お盆休みや年末年始などの際に、実家に帰省する人も多いことでしょう。特に実家が遠方にある人にとっては数少ない帰省の機会ですから、そのタイミングで親を交えて「実家の遺産・相続」について話をしようと思っている人もいるかもしれません。
しかし、遺産や相続の話は、「親の死」が前提ですから、なかなか子どもから切り出しにくいものです。そこで、どのようなきっかけで、どのような話をしたらいいか、詳しく説明します。
「終活」の話をしてみる
「終活」という言葉は、今ではすっかり市民権を得ています。「終活」とは、生前に自分で葬儀や墓などの準備、財産や身の回りの物の整理を行い、さらに自分が亡くなった後に相続が円滑に進められるように計画を立てておくことです。
現在、各自治体やNPO法人などの主催で、終活セミナーが実施されているため既に参加している可能性もあります。また実際に参加していなくても、友人・知人が参加していたり、あるいは終活について興味を持つ同年代の友人たちと話をしたりしているかもしれません。
久しぶりに実家に帰ってきて、いきなり「『終活』のことだけど…」と切り出しても、親は面食らってしまいます。そこで、「終活」の際に使われている「エンディングノート」を話題にするという方法はいかがでしょうか。
「エンディングノート」とは、一般的に「高齢者が自分の終末・死に備えて、自分の希望を書きとめておくノート」のことです。セミナーを行う自治体、NPO法人、保険会社などが、それぞれ独自に作っていますし、書店や文具店で販売されていたり、インターネットでダウンロードしたりできます。多くのエンディングノートに共通している項目は次のとおりです。
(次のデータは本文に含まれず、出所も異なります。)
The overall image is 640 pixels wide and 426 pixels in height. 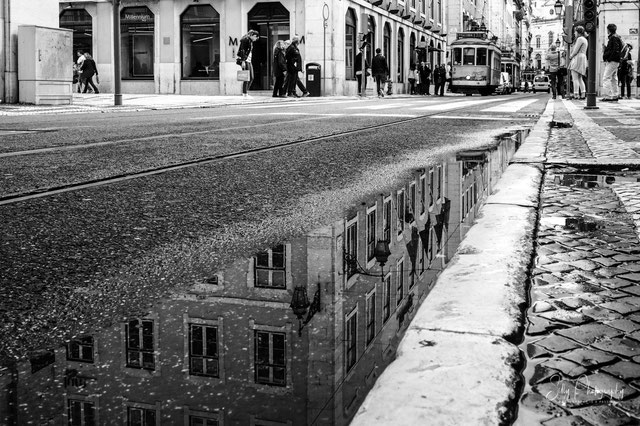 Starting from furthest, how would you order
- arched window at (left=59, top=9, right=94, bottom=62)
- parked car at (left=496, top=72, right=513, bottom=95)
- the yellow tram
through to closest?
parked car at (left=496, top=72, right=513, bottom=95) < the yellow tram < arched window at (left=59, top=9, right=94, bottom=62)

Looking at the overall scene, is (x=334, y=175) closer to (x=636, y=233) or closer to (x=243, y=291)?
(x=636, y=233)

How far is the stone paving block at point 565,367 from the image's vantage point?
1715mm

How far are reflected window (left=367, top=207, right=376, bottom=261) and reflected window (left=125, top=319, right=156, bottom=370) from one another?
966 millimetres

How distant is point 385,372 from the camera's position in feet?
5.58

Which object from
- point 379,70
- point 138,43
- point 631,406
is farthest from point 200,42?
point 631,406

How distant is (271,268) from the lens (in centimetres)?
266

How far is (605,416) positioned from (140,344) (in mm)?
1009

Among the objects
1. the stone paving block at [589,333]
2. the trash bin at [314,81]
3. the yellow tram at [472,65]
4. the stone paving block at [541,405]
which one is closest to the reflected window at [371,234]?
the stone paving block at [589,333]

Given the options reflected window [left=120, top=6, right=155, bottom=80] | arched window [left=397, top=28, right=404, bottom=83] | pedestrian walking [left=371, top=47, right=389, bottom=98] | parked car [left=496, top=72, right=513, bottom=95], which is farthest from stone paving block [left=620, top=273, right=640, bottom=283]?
parked car [left=496, top=72, right=513, bottom=95]

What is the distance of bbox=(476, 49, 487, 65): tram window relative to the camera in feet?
142

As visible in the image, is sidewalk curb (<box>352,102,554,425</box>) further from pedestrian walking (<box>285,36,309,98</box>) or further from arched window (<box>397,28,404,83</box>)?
arched window (<box>397,28,404,83</box>)

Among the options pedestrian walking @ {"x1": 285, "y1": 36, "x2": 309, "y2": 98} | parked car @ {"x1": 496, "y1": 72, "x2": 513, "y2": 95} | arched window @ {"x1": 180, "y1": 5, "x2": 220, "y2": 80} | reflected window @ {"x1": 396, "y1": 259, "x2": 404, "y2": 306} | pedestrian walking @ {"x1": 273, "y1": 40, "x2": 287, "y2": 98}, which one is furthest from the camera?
parked car @ {"x1": 496, "y1": 72, "x2": 513, "y2": 95}

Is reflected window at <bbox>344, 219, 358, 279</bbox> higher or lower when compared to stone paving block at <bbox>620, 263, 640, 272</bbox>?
higher

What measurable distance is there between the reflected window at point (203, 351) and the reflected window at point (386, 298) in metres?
0.45
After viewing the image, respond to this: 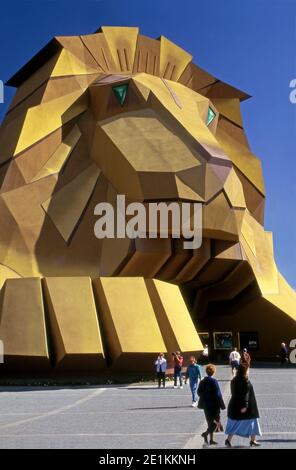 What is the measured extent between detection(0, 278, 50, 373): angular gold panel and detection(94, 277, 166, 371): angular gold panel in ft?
7.68

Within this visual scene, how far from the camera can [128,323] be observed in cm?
2066

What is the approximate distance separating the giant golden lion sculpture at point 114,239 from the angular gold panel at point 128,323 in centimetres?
4

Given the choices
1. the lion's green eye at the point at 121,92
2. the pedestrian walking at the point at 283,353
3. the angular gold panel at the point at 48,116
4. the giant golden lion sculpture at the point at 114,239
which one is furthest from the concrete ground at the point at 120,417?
the lion's green eye at the point at 121,92

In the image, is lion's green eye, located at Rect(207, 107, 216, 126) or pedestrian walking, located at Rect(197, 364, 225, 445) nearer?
pedestrian walking, located at Rect(197, 364, 225, 445)

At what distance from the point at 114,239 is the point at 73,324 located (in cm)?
707

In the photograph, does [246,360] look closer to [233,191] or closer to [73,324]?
[73,324]

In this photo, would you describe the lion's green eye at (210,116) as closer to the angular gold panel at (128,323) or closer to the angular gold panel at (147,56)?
the angular gold panel at (147,56)

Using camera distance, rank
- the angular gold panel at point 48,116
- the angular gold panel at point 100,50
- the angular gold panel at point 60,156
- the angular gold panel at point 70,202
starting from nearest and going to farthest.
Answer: the angular gold panel at point 70,202
the angular gold panel at point 60,156
the angular gold panel at point 48,116
the angular gold panel at point 100,50

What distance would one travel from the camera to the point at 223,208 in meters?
26.4

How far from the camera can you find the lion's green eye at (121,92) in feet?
93.2

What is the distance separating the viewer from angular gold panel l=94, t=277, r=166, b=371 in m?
20.1

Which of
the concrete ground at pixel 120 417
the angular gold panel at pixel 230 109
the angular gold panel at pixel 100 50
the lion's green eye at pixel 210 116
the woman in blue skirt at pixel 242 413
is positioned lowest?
the concrete ground at pixel 120 417

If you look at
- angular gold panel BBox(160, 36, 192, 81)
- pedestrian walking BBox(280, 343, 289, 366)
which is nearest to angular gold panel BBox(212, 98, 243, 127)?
angular gold panel BBox(160, 36, 192, 81)

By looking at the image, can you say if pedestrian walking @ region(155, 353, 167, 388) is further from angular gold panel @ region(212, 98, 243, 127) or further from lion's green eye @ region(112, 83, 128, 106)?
angular gold panel @ region(212, 98, 243, 127) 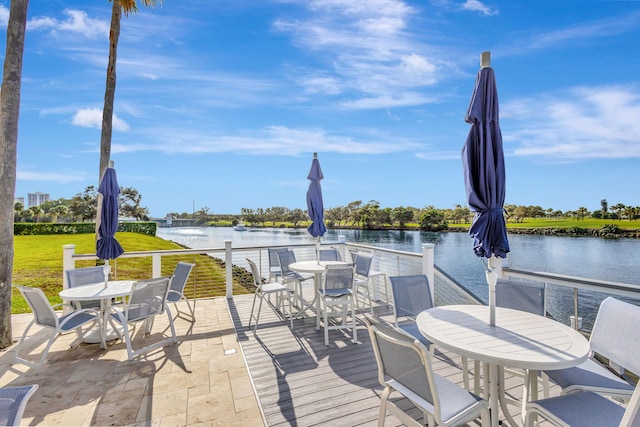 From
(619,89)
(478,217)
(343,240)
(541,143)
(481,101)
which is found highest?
(619,89)

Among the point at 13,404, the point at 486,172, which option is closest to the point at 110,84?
the point at 13,404

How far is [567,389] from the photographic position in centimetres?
191

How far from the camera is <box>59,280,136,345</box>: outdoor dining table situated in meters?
3.55

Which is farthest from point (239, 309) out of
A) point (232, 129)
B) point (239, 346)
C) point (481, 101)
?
point (232, 129)

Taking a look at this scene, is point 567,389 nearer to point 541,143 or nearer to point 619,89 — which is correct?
point 619,89

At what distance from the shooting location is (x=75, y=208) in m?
39.1

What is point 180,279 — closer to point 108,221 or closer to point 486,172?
point 108,221

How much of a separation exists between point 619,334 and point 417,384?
51.2 inches

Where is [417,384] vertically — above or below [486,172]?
below

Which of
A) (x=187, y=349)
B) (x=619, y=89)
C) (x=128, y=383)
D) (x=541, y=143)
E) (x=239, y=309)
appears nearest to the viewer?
(x=128, y=383)

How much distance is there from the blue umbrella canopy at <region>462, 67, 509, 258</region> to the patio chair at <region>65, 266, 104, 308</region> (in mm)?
4727

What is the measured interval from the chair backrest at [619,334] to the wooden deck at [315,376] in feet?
3.03

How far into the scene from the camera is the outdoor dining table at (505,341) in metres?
1.61

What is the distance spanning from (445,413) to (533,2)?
33.5ft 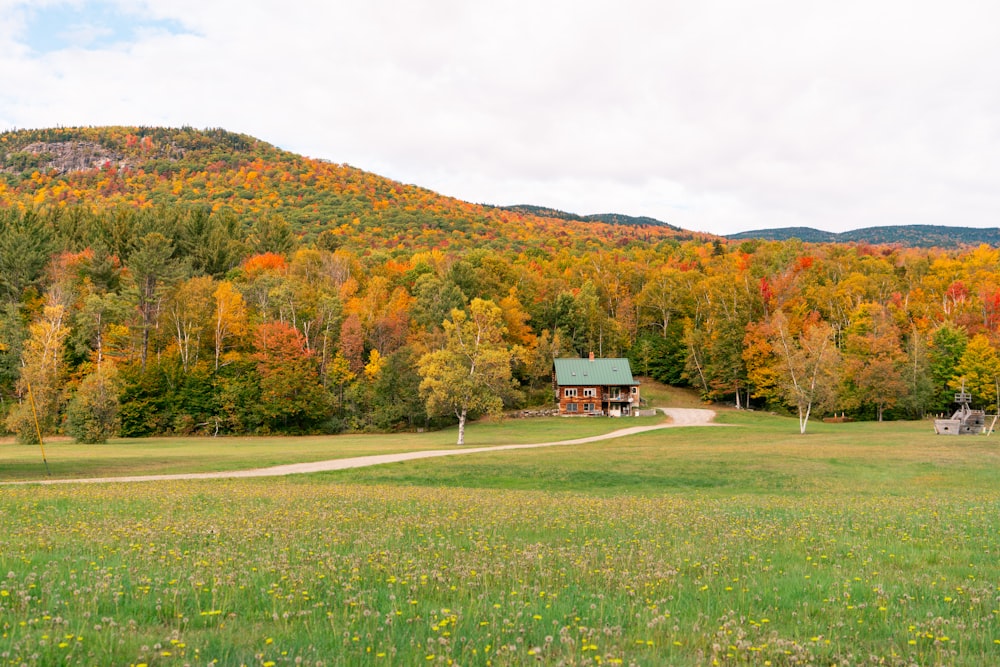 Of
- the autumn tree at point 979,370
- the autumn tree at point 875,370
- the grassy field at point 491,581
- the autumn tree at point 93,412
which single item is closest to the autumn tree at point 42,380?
the autumn tree at point 93,412

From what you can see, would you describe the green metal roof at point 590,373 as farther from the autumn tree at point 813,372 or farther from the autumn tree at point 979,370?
the autumn tree at point 979,370

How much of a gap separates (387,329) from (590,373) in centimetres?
2831

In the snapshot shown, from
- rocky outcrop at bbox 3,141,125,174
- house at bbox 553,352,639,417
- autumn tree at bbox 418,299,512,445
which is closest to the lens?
autumn tree at bbox 418,299,512,445

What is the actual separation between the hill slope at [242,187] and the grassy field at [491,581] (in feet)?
380

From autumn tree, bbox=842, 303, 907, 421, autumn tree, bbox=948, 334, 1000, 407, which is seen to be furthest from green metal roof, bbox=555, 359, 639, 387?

・ 基本情報(氏名、住所、現在かかっている病気・病院など)
・ 自分史(今までの経歴、配偶者・子どもとの思い出など)
・ 親戚、友人、知人リスト(家系図、よく連絡をとっている人など)
・ ペットについて(かかりつけの獣医、ペット保険、自分に何かあったときの対応など)
・ 財産や貴重品に関すること
・ 生命保険、年金のこと
・ 自分に介護が必要になった時に希望すること(資産管理者の指定など)
・ 病気になった時の延命措置を望むか
・ 相続に関する考え方(形見分け遺産の整理、遺言書の有無、相談先など)
・ 自分の葬儀に希望すること(参列者、形式、希望する埋葬など)
ただ、項目を見ると分かると思いますが、「基本情報」から「葬儀に関すること」という重い項目まで並んでいます。初めは「何かあった時のために」という表現を使って、「基本情報」から「ペットについて」くらいまでを書いてもらう方向で話をした方が無難でしょう。
1度の帰省で、全項目を書いてもらうというのはまず不可能でしょう。そのため、時間をかけて、帰省の度に「エンディングノート」を話題にして少しずつ項目を埋めていくという方法が良いのではないでしょうか。